California, long known as the Golden State, has had an unfortunate method of reinforcing that moniker during the 2020 wildfire season. Ash and smoke from massive wildfires have often tinted the state’s skies an apocalyptic gold-red, leaving residents and wildlife longing for an end to the blazes. A new report from Arizona’s Goldwater Institute and the Mackinac Center shows us the way forward. But the solution offered in “Extinguishing the Wildfire Threat: Lessons from Arizona” isn’t what you’ll typically hear from any of the governors commenting on this issue, or from the media.
Thankfully, Michigan’s forests have been spared from the fires that are ravaging the western states in 2020. The Michigan Department of Natural Resource reports that fewer than 200 fires, totaling less than 750 acres, have burned in our state this year.
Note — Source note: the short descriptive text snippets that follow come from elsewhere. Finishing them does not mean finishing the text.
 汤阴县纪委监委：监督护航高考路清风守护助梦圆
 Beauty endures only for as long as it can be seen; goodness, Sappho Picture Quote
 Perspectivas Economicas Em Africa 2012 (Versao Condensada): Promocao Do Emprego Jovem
Still, we are being inundated by the headlines, and many of us who have called the American West home worry as family and friends recount their experiences with the choking smoke, evacuations, and millions of acres burned. Amazingly, this summer’s wildfires have even sent smoke and ash as far east as Michigan.
In response, some governors have been quick to lay the blame for these massive fires on climate change. In a heated press conference, California Gov. Gavin Newsom complained that he’s now “a little bit exhausted” with anyone who would dare disagree that the fires are caused by a “climate damn emergency!” Washington Gov. Jay Inslee took the same tack in his press conference when he urged people to replace the term wildfires with “climate fires.”
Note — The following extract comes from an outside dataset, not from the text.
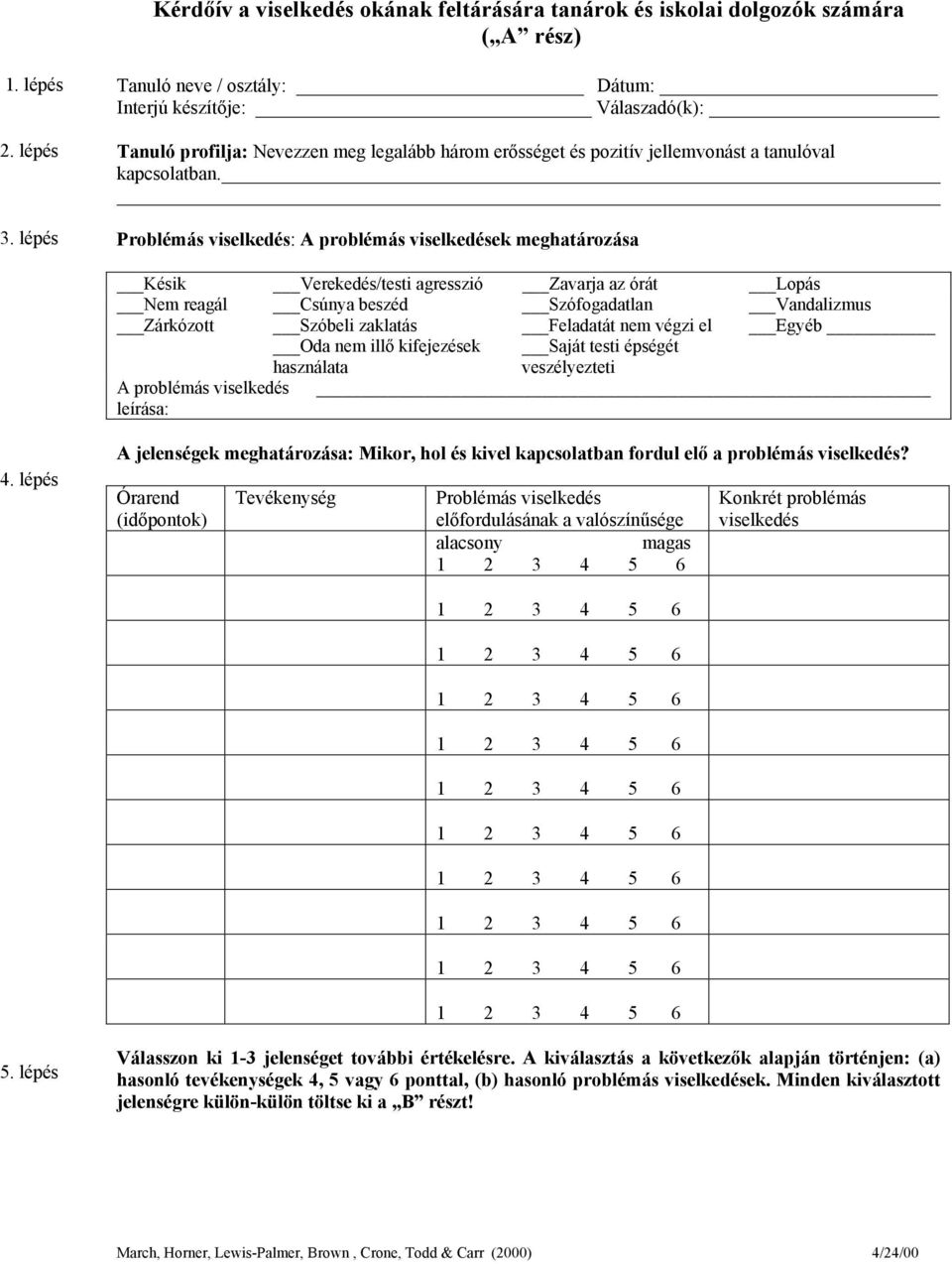 Problémás viselkedés: A problémás viselkedések meghatározása Késik Verekedés/testi agresszió Zavarja az órát Lopás Nem reagál Csúnya beszéd Szófogadatlan Vandalizmus Zárkózott Szóbeli zaklatás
For her part, Michigan Gov. Gretchen Whitmer echoed her western counterparts, using the climate change diagnosis as the impetus for her executive directive mandating the state go carbon-neutral by 2050. “We're seeing the impacts of climate change right now,” she said, “with the wildfires in California and the impact of the smoke actually being felt here.” There’s no doubt that a “climate damn emergency” makes for a catchy headline. But, if we’re going to implement effective wildfire control policies, we should dig a bit deeper to determine the fires’ real causes.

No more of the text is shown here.